# [TASK INSTRUCTIONS]
In the records below, find the line with "BOSTON, MA - JANUARY" and the line with "SaffronStays Calamondinn Bungalow". Print both exactly, along with every line between them, and no other line.

# [Dataset records]

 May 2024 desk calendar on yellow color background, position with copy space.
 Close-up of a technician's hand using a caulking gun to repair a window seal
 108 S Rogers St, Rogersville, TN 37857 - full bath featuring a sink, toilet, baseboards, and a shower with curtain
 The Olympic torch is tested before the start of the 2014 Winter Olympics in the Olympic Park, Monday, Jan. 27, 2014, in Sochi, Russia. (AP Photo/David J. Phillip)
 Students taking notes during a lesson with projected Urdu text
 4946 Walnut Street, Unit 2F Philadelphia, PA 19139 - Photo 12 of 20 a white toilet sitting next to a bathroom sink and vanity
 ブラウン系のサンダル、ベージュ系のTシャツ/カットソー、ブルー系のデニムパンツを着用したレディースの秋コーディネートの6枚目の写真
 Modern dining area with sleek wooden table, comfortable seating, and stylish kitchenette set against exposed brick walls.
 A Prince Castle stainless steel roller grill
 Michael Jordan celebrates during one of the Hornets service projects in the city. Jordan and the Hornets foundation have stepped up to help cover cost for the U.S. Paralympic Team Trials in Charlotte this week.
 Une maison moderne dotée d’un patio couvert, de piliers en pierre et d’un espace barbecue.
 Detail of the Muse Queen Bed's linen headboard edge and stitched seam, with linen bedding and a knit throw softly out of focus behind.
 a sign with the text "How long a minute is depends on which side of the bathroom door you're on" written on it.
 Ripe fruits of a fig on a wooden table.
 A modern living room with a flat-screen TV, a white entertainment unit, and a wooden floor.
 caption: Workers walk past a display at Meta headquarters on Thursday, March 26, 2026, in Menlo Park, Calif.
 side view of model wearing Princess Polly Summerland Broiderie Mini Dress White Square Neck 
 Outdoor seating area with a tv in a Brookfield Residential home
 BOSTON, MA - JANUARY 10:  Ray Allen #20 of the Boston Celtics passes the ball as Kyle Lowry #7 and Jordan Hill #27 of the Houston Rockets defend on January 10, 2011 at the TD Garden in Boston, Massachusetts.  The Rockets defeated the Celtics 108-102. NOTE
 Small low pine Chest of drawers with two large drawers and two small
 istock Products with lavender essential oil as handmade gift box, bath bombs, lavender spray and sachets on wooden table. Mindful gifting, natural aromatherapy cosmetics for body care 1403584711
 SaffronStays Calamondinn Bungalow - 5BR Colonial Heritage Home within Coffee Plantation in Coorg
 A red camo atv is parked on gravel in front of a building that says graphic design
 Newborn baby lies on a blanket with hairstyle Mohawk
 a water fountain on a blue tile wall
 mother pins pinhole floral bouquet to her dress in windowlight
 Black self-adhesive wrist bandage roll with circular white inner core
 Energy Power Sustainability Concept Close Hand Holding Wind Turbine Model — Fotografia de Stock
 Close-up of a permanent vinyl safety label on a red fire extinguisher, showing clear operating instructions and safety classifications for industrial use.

# [REPLY TO THE EXERCISE]
 BOSTON, MA - JANUARY 10:  Ray Allen #20 of the Boston Celtics passes the ball as Kyle Lowry #7 and Jordan Hill #27 of the Houston Rockets defend on January 10, 2011 at the TD Garden in Boston, Massachusetts.  The Rockets defeated the Celtics 108-102. NOTE
 Small low pine Chest of drawers with two large drawers and two small
 istock Products with lavender essential oil as handmade gift box, bath bombs, lavender spray and sachets on wooden table. Mindful gifting, natural aromatherapy cosmetics for body care 1403584711
 SaffronStays Calamondinn Bungalow - 5BR Colonial Heritage Home within Coffee Plantation in Coorg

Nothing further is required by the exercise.